START Records provided

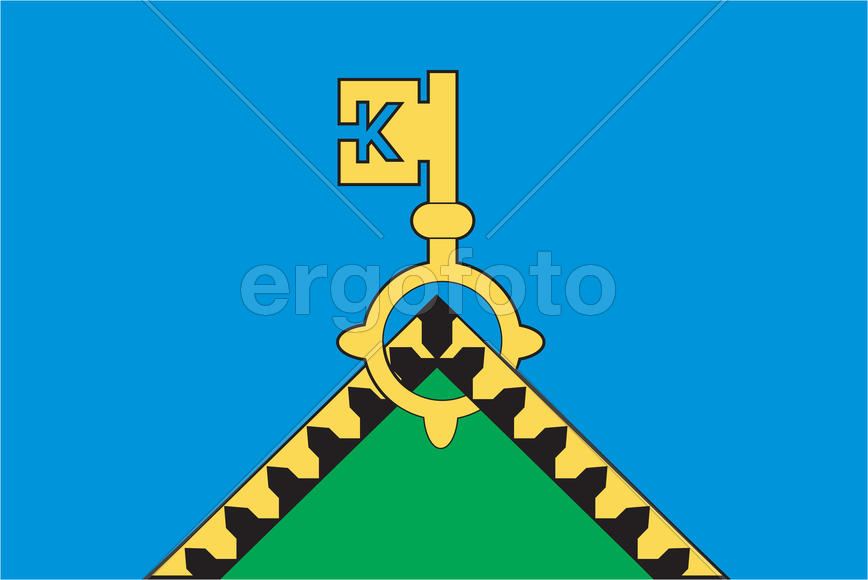 Флаг города Качканара, Свердловская область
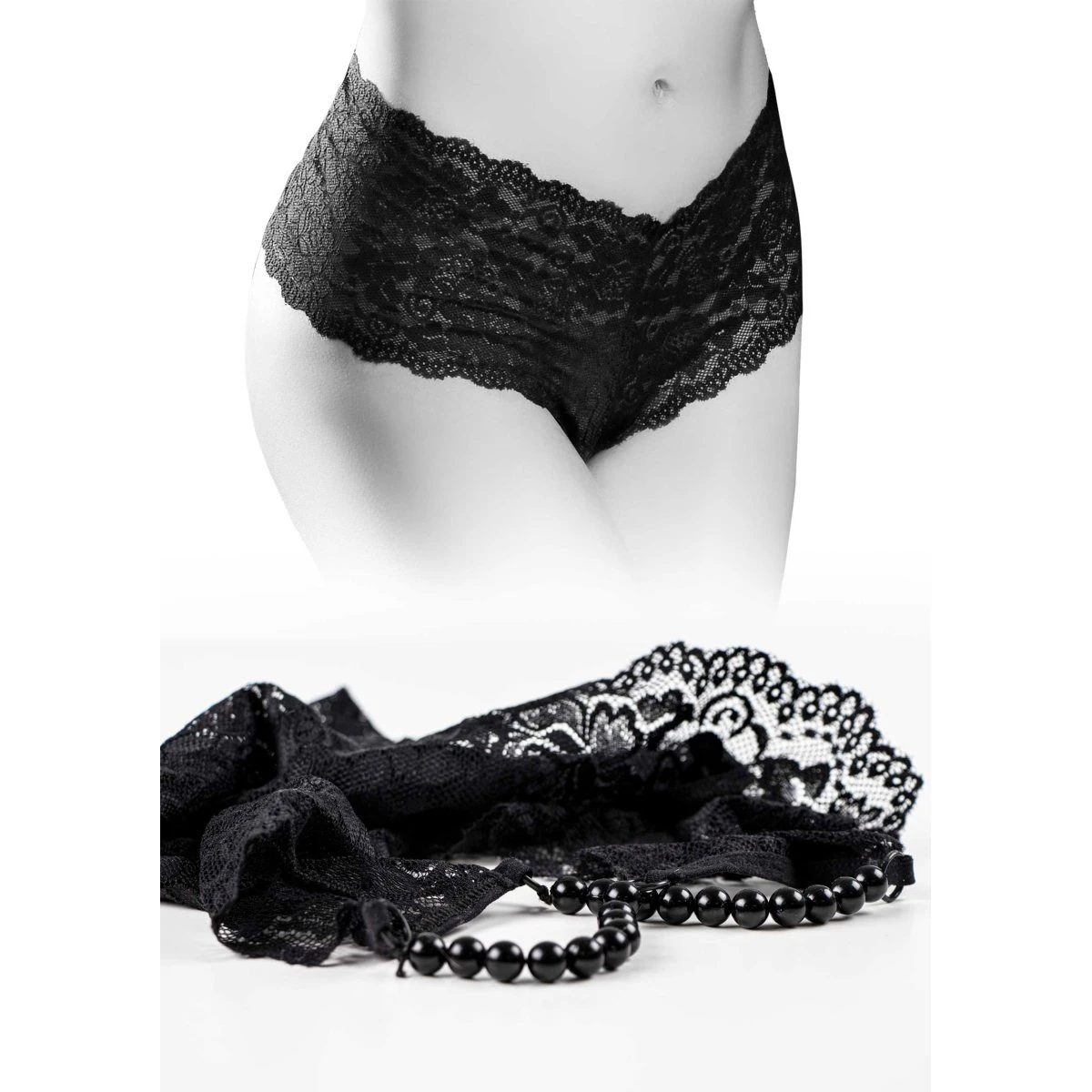 Lieblingsteile »Hookup Panties« Mit Perlenkette Im Offenen Schritt 4 Lieblingsteile »Hookup Panties« Mit Perlenkette Im Offenen Schritt – Bild 2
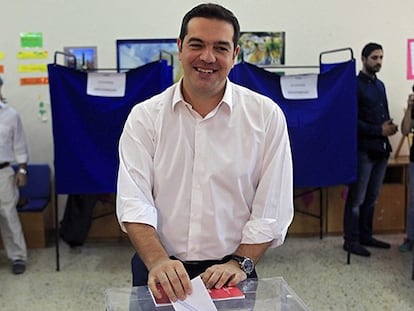 Syriza vuelve a ganar las elecciones en Grecia con una amplia ventaja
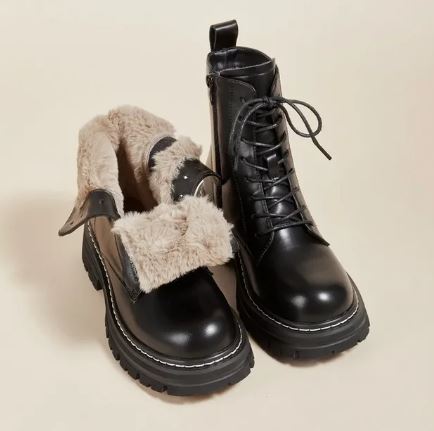 Bottes à Enfourchure Confortables pour Femmes - Marie Montel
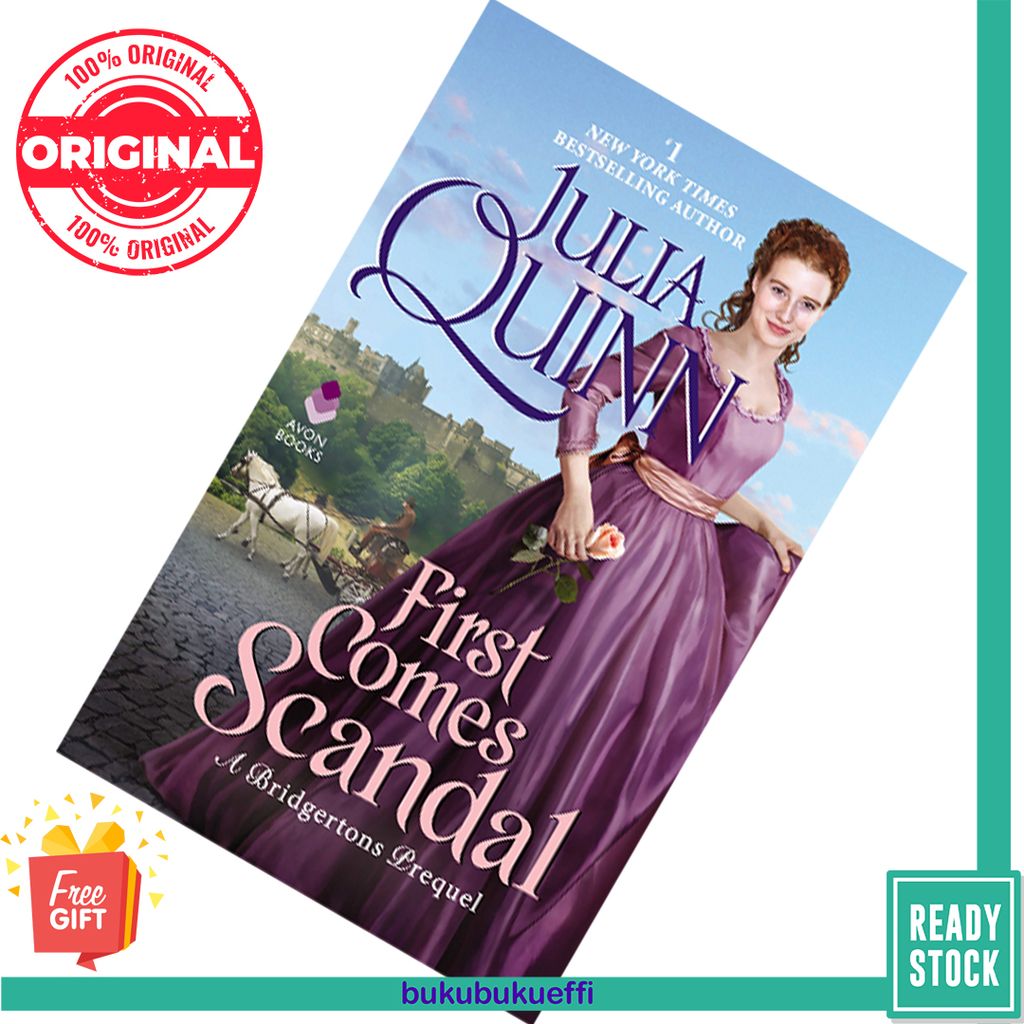 First Comes Scandal (Rokesbys #4) by Julia Quinn [HARDCOVER] 9780062975065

END Records provided

Give back, word for word, the lines from the one with "Schritt – Bild 2" to the end of the records above, and no pictures.

→ Solution
 Lieblingsteile »Hookup Panties« Mit Perlenkette Im Offenen Schritt 4 Lieblingsteile »Hookup Panties« Mit Perlenkette Im Offenen Schritt – Bild 2
 Syriza vuelve a ganar las elecciones en Grecia con una amplia ventaja
 Bottes à Enfourchure Confortables pour Femmes - Marie Montel
 First Comes Scandal (Rokesbys #4) by Julia Quinn [HARDCOVER] 9780062975065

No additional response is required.